Production environment: For production deployment, after the installation script above has finished, edit the $HOME/bin/localedb
script and change is_prod=0
to is_prod=1
. This step is left to be done manually to ensure intent.
CLI
After setting up the command line management tool, setup the LocaleDB instance:
$ localedb setup
Initializing data structures... done
Loading locales... done
To display filesystem information, run:
$ localedb info fs
Directory structure
Root /Users/tomek/.localedb 43M
Runtime /Users/tomek/.localedb/rt 0B
PostgreSQL data /Users/tomek/.localedb/pg 43M
Disease data /Users/tomek/.localedb/dl/dis 0B
Geographic data /Users/tomek/.localedb/dl/geo 0B
Population data /Users/tomek/.localedb/dl/pop 0B
To import COVID-19 disease data (currently only dynamics and non-pharmaceutical interventions), run:
$ localedb import dis c19
Disease dynamics
Loading global confirmed... done (11 s)
Loading global deaths... done (14 s)
Loading global recovered... done (12 s)
Loading US confirmed... done (141 s)
Loading US deaths... done (155 s)
Consolidating... done (88 s)
Non-pharmaceutical interventions
Loading Keystone... done (14 s)
To see some basic database statistics, run:
$ localedb info data
Data
Main
Locale count 4153
Country count 188
Disease (c19)
Dynamics
Locale count 3607
Date range 2020-01-22 2020-09-17
Observation count 865680
Observation count per locale 240.00 (SD=0.00)

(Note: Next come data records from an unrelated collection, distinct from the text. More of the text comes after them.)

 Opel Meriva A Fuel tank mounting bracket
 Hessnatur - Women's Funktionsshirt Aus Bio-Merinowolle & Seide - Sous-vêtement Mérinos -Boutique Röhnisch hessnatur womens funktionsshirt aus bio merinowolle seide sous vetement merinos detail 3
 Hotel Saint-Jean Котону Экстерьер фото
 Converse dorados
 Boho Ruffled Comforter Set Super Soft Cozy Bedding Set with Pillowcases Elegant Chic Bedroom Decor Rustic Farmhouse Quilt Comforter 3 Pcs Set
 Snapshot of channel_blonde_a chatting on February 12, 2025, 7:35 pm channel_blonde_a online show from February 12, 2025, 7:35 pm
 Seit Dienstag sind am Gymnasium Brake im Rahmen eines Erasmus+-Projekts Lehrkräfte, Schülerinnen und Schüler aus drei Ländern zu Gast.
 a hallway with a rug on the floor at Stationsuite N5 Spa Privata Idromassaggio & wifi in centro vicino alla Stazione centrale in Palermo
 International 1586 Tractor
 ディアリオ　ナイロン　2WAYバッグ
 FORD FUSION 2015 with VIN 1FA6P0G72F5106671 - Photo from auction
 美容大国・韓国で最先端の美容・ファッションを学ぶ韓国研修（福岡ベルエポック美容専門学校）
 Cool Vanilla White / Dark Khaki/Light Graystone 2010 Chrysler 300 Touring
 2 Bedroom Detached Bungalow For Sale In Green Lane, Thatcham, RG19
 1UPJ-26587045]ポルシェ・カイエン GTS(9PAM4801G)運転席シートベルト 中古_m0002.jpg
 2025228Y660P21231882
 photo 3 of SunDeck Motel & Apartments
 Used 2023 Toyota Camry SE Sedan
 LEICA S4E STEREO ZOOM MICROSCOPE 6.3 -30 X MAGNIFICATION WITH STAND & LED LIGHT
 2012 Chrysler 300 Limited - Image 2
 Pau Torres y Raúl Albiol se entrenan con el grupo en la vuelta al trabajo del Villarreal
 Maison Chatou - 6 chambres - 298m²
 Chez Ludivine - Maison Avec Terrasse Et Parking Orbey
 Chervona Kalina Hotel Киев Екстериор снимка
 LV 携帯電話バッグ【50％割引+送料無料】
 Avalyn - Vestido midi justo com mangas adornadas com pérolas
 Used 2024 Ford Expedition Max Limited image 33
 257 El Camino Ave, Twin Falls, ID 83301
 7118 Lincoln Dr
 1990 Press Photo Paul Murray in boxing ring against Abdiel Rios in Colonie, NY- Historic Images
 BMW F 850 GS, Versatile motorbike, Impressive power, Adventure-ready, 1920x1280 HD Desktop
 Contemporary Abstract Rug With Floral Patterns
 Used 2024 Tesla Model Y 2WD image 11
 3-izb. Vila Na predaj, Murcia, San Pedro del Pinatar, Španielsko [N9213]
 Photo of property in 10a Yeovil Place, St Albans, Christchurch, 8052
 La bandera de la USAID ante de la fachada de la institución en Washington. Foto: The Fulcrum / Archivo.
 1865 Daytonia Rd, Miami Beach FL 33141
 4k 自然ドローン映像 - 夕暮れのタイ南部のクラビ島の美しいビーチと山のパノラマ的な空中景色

Non-pharmaceutical interventions
Locale count 669
Data range 2010-04-27 2020-07-27
NPI count 5162
NPI count per locale 7.72 (SD=1.57)
Count per type
669 school closure
667 closing of public venues
666 non-essential services closure
637 shelter in place
622 gathering size 10 0
582 social distancing
471 religious gatherings banned
406 gathering size 100 26
278 gathering size 500 101
132 gathering size 25 11
32 lockdown
...
To import geographic and cartographic data for the state of Alaska, run:
$ localedb load geo AK
US states done
US counties done
AK tracts done
AK block groups done
AK blocks done
Analyzing database... done
To import health data for the state of Alaska, run:
$ localedb load health AK
To import weather data from 2010 to 2020, run:
$ localedb load weather 2010 2020
To import mobility data for Alaska run:
$ localedb load mobility AK
To import air traffic data for 2019 for flights travelling to Alaska which had more than 25 passengers run:
$ localedb load airtraffic 2019 AK 25
To import synthetic population data, run:
$ localedb load pop AK
AK done
Analyzing database... done
Imported states can be removed like so:
localedb db rm state-geo AK
localedb db rm state-pop AK
localedb db rm state AK # remove all data types
Once data has been imported and the downloaded data files are no longer needed, they can be removed like so:
localedb fs rm-data geo
localedb db rm-data pop
localedb db rm data-all # remove all data files
To stop LocaleDB instance, run:
localedb stop
To uninstall LocaleDB (leaving nothing behind), run:
localedb uninstall
For the list of available commands, run localedb
. For an explanation of each command, run localedb help
. Keep in mind that some commands have subcommands.
References
Data Sources
- COVID-19 Data Repository by the Center for Systems Science and Engineering (CSSE) at Johns Hopkins University
- CDC: Influenza Vaccination Coverage
- County Health Rankings and Roadmaps
- Bureau of Transportation Statistics: Airlines and Airports
- NOAA nClimDiv
- Keystone: COVID-19 Intervention Data
- 2010 U.S. Synthesized Population Dataset
- US Census Bureau: TIGER/Line Shapefiles (2010)
License
This project is licensed under the BSD License.